Back outside the center, Elijah Brown ran into friends from the teen program. They live all over now and had returned to mourn their friend’s death.
And to be in this park, this paradox, a place where young people grow up, and where they know they could die.
That’s hard to understand for many new residents of the Columbia City area. These are people with enough money to afford the current price of housing in this rapidly gentrifying neighborhood. Elijah Brown sees them comment in the neighborhood Facebook group about the need for more police.
“When I hear somebody in the group say, ‘What’s happening to our neighborhood?’ I just want to be, ‘Don’t you think that’s what we were asking, too?’” he said.
In the Columbia City area, two homicides in one year is unusual, but violent crime is not. Seattle Police Department crime statistics show that in Columbia City and Genesee, violent crime was at about-average levels at the mid-year point.
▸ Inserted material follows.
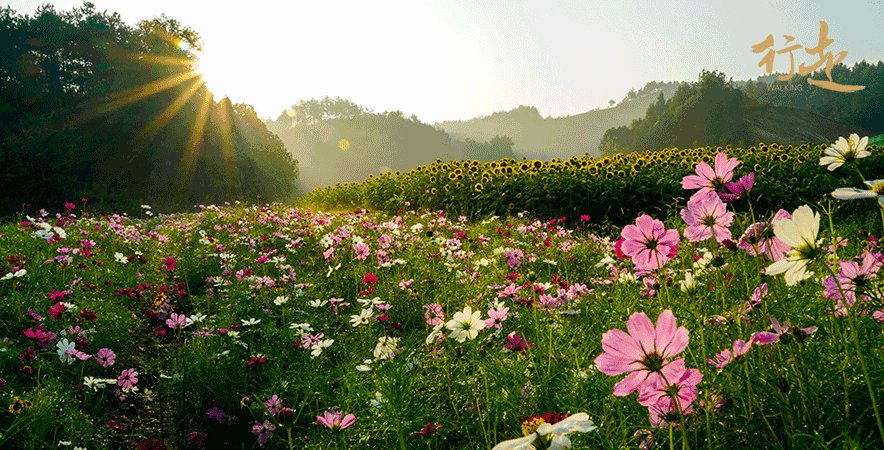 感受四季 感受四季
But according to police statistics, this year guns have been involved in those crimes at the highest rate in a decade.
In the days following the second murder, police patrolled these streets, driving past again and again. Brown said that will tamp down violence for a while.
“It’s more involvement with the youth and not just the police patrolling,” he said. “Helping them find ways to get them out the street instead of just keeping them there and just lock them up. Because that’s the easiest thing to do.”
Brown said growing up in this community center helped him learn what he’s good at and discover the world beyond this neighborhood.
He's out of work currently. Brown had worked at a soup factory before he recently hurt his back. He still comes down to the community center all the time.
“Rainier is just my favorite place,” he said. “I come here to write. It lets me continue to be who I am, and that’s why I just like this place.”